Provided material:
========

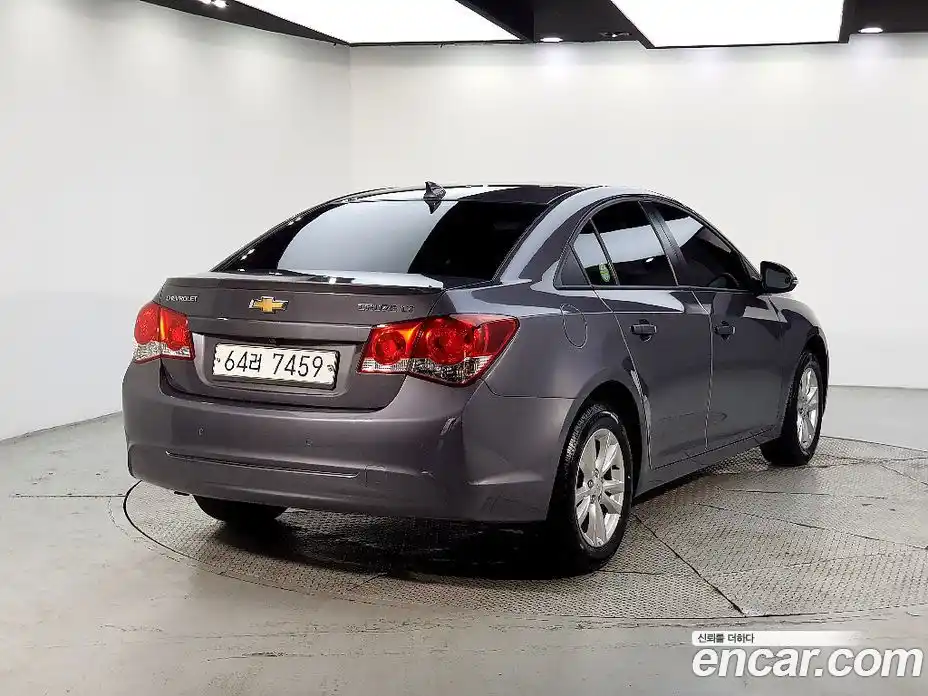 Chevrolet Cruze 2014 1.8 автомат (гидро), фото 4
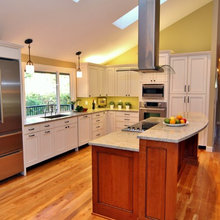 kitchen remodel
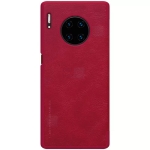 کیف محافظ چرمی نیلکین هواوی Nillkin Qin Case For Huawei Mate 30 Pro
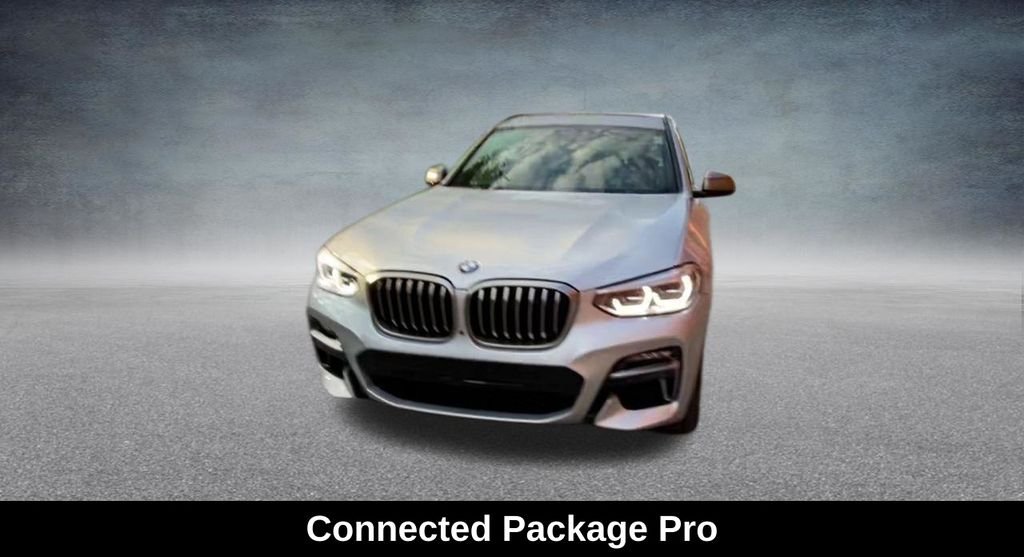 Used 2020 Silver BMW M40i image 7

========

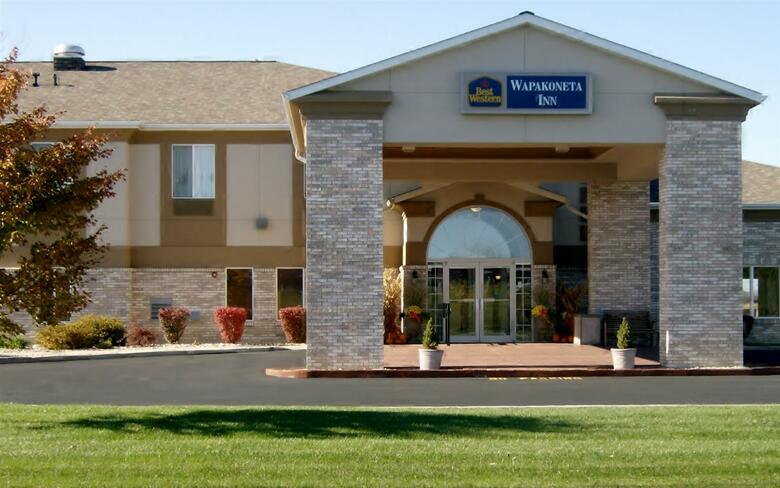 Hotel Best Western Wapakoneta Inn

========

Work instruction: Although pictures appear among the records above, none are to be output; print exactly the lines from the line containing "kitchen remodel" through the line containing "Used 2020 Silver BMW M40i image 7".

Task result:
 kitchen remodel
 کیف محافظ چرمی نیلکین هواوی Nillkin Qin Case For Huawei Mate 30 Pro
 Used 2020 Silver BMW M40i image 7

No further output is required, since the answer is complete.